Avukat Seraf Özer, babasının başına gelenleri hukukla yakından uzaktan alakası olmadığını bir kayyum atama operasyonu içerisinde olduklarını vurguladı.
Seraf Özer, babası hakkındaki iddialarının içinin boş olduğunu vurguladı. Özer, yatak odasına girip gözaltına alınan babasının ağzından çıkan ilk cümleyide Halk TV'de duyurdu. Seraf Özer, "Gözümü açtım, polisler etrafımda ve sizlere bir şey oldu diye korktum. Çocuklarıma bir şey mi oldu diye irkilerek uyandım." dedi. "Çocuklarıma bir şey oldu zannettim." ifadelerini kullandı" bilgisi verdi.
"DİK DURACAĞIZ"
Seraf Özer, Halk TV'de şunları dile getirdi:
- "Gözaltına alındığı gün evde çocukları yoktu. Babam gözünü polislerle açıyor, polisler tarafından uyandırılıyor.Ben bunu cezaevinde, babamdan olayı dinlerken, yani "Gözümü açtım, polisler etrafımda ve sizlere bir şey oldu diye korktum. Çocuklarıma bir şey mi oldu diye irkilerek uyandım." dedi.Bir buçuk milyonluk bir kenti yöneten,bir akademisyeni, bir bilim insanını, bu şekildebir sürece dahil edilmesi ne akla, ne vicdana, ne hukuka, yani bunun akılla, mantıkla, hukukla, zah edilir bir yanı yok. Biz ailecek çok ciddi bir travmatik süreçten geçiyoruz. Ama dik duracağız yani. Tabii ki dik duracağız. 65 yaşında bir belediye başkanının nerede olduğu belli. Kim olduğu belli. Her sabah 8.30'da görevinin başında olan bir belediye başkanını ifade vermek için çağırabilecekken bir şafak operasyonuyla bir siyasi kumpasla, şafak operasyonuyla bu şekilde gözaltına alınması...
"İDDİALARIN İÇİ BOŞ"
- Bu, bu davanın, bu iddiaların içinin boş olduğu zaten açık. Bu, bu ayyuka da çıkacak zaten. Ama esasının dışında sürecin, usulün işleyişi, sürüşü de gerçekten insan haklarına, anayasaya aykırı bir süreç geçiriyoruz. folayısıyla hani bu aramalarla ilgili, detaylar çokça konuşuluyor takip de ediyorum. Sayın Genel Başkanımız, Sayın İBB Büyükşehir Belediye Başkanımız, zaten gereken açıklamaları, paylaşıyorlar. Onlar da yapıyorlar. dolayısıyla hani bu süreçle alakalı, ben kızı olarak 65 yaşındaki bir belediye başkanının, bir buçuk milyonluk bir kenti yöneten belediye başkanının bu durumda bırakılmasının, bir şafak operasyonuyla, bir psikolojik mobbingtir bu arada yani. Polisle içeri giriliyor. Annemin tabii uyandırmasına müsaade edilmeden, böyle bir sürece girilmiş.

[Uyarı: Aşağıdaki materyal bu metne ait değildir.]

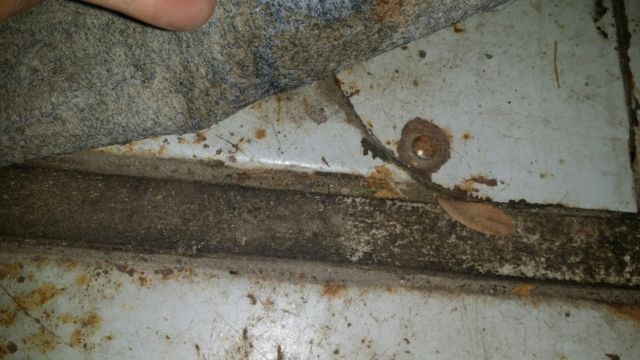 1954 Blue Ford Other Pickups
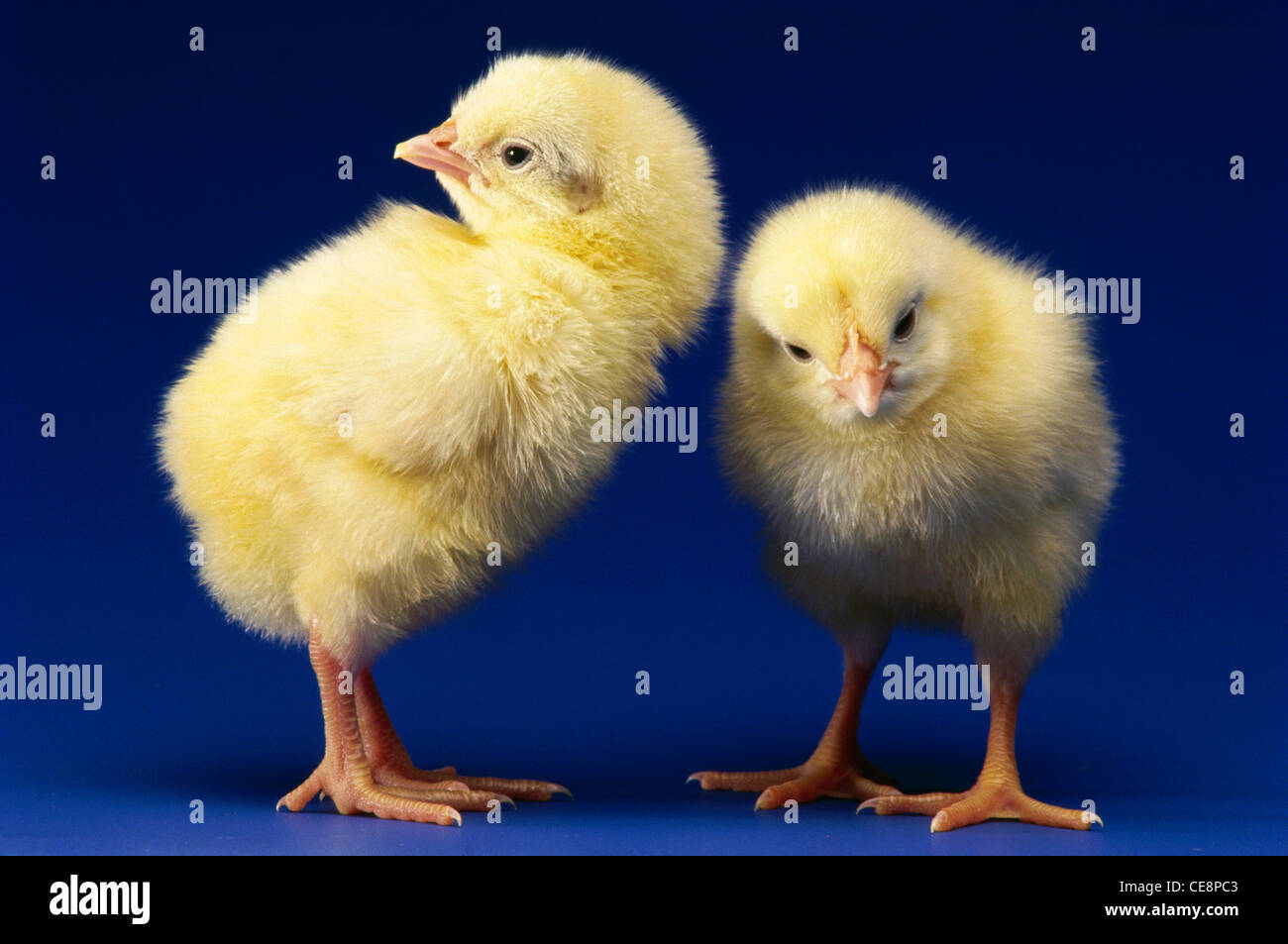 CHIX CHICKS 2枚セット 帯付き 🥚🐔🍔🍳🌶️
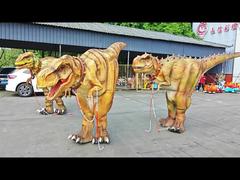 Performance Costume Suit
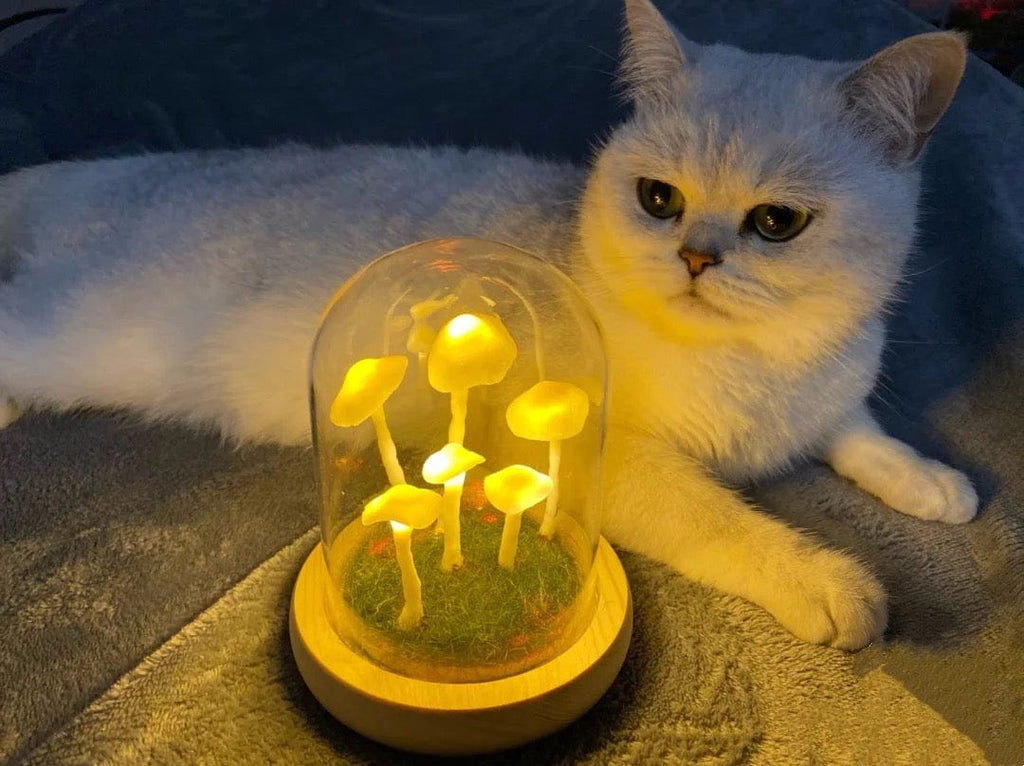 Home cultivation with a touch of magic
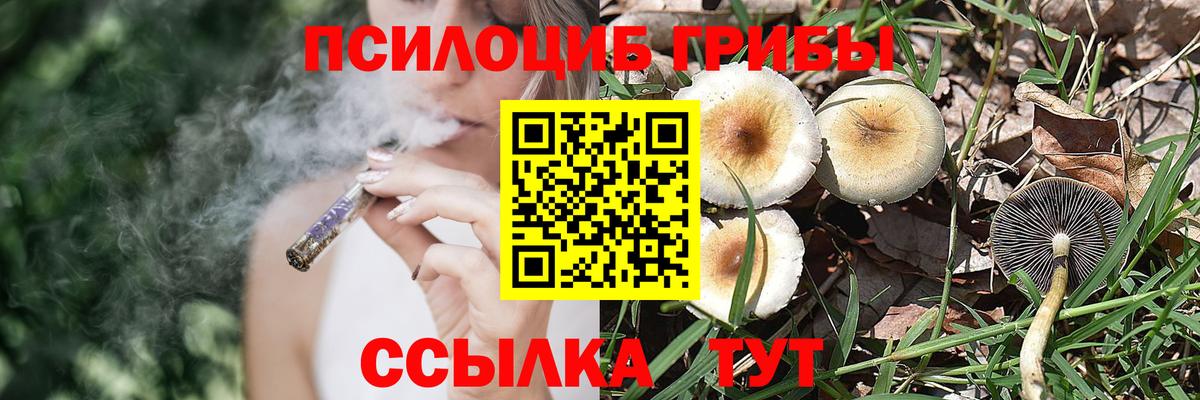 Галлюциногенные грибы Psilocybine cubensis Новодвинск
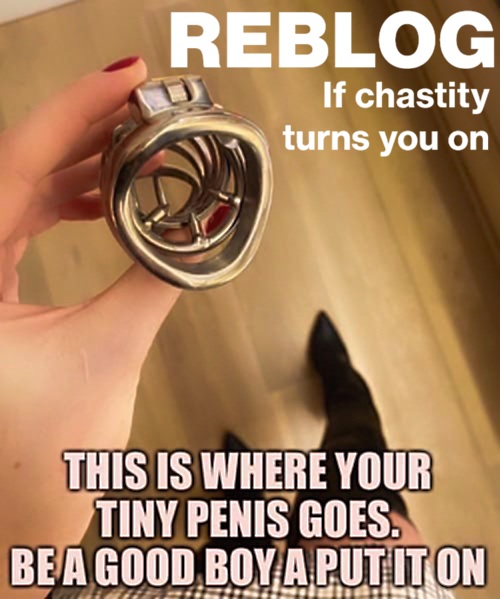 Chastity4u💋 tweet media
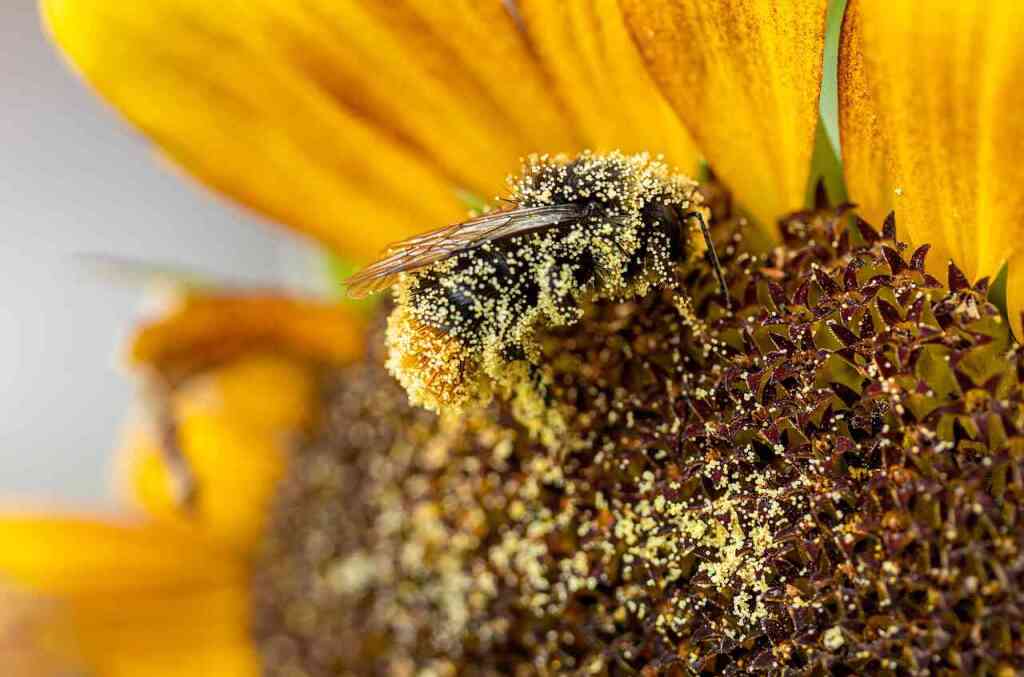 Apiterapia: Benefici dei Prodotti dell'Alveare per la Salute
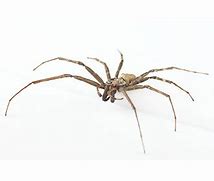 Image result for NZ Spiders Identification Chart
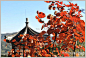 多图:2009 重阳节，北京香山行摄, 我哭我闹我撒娇旅游攻略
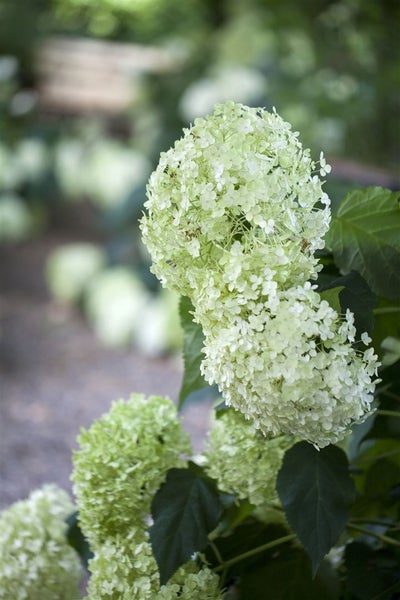 Hydrangea arborescens 'Annabelle', Schneeballhortensie, weiß, 40–60 cm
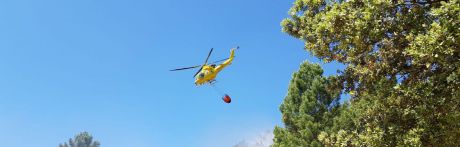 Declarado un incendio forestal entre Almodóvar del Pinar y Barchín del Hoyo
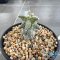 Astrophytum ornatum cv kikko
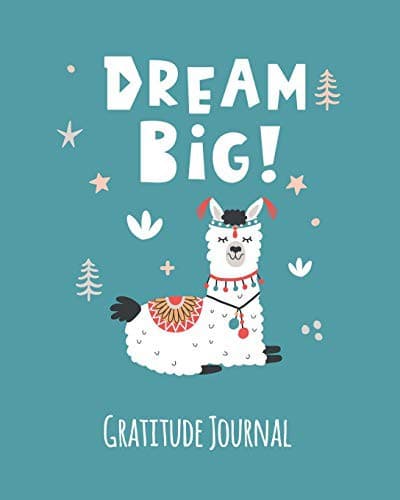 Tapa de Gratitude Journal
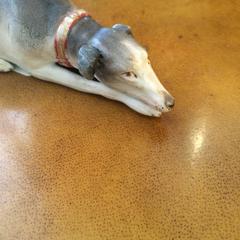 Elongated Gorgeous Staffordshire Greyhound Dog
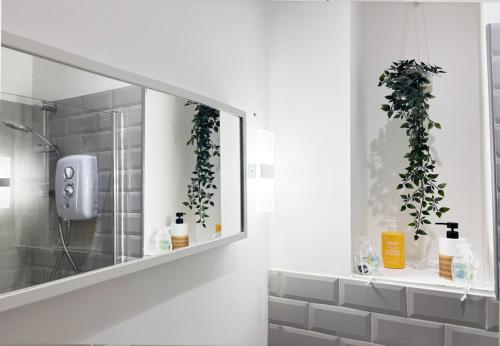 Cosy Flat Near City Centre & Princess Park, Liverpool (photo 5)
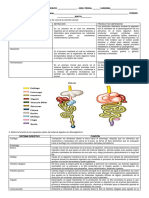 TALLER_DIGESTION_NUTRICION_B22 (1)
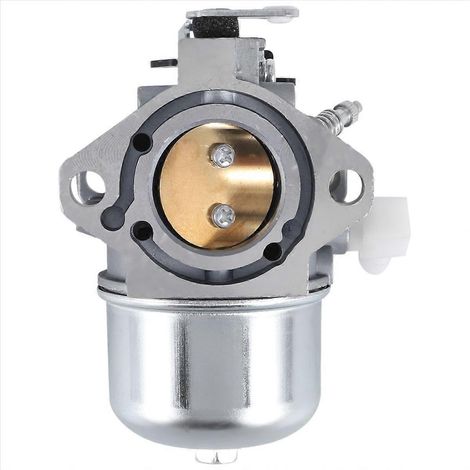 Carburateur pour moteur Briggs & Stratton 28M707 28R707 28T707 28V707 694941 699831 (Tondeuse à gazon) (1/5)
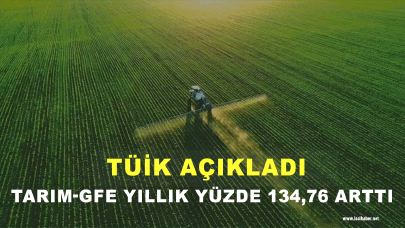 TÜİK: Tarım-GFE yıllık yüzde 134,76 arttı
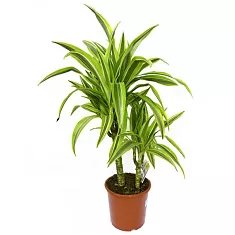 Драцена Лемон Лайм - Dracaena fr. Lemon Lime D20 H80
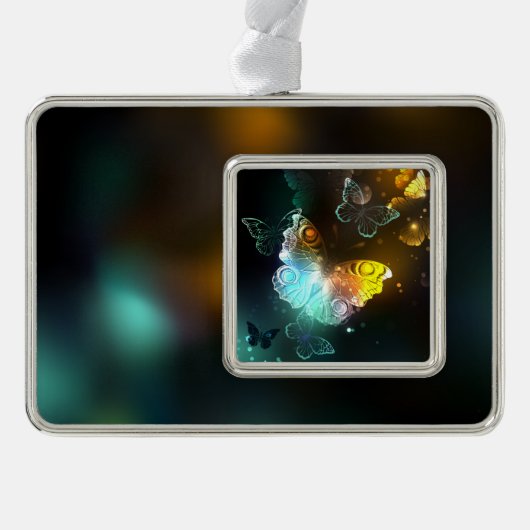 明るい蝶と夜の蝶 シルバープレートフレームオーナメント (正面)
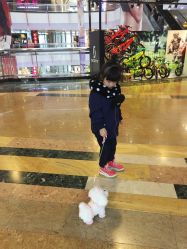 -玩具反斗城(正大广场店)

"ÇOÇUKLARIMA BİR ŞEY OLDU ZANNETTİM.."
- Etrafında onlarca polis varken uyandığında ne hissettiğini merak ettim ve bana "Çocuklarıma bir şey oldu zannettim." dedi. Yani düşünün, o kadar akla gelmeyecek bir durum ki, o kadar, o kadar uzak olduğumuz, o kadar alakası, bağlantısı olmayan bir sürecin içerisinde dahil ki, gözünü 10 tane polisle açtığında aklına ilk gelen şey çocukları, bizleriz, her baba gibi.
- Bizi bu süreç de çok güçlendirdi. Benim hayatım bundan sonra 30 Ekim öncesi ve sonrası diye, ikiye ayrılacak ve ben, ben bu işinbirebir takipçisi olacağım. Babam yalnız değil ama bu sadece ailesi olarak değil, Esenyurt halkı yanında, benim gibi Türkiye'de demokrasi, hukuk devleti hayali kuran Türkiye'deki milyonlar yanında. Bunun bir siyasi kumpas davası olduğu belli zaten.
- Bunun hukukla falan bir şeyi yok yani. Bu kayyum atama operasyonunun bir parçasıdır.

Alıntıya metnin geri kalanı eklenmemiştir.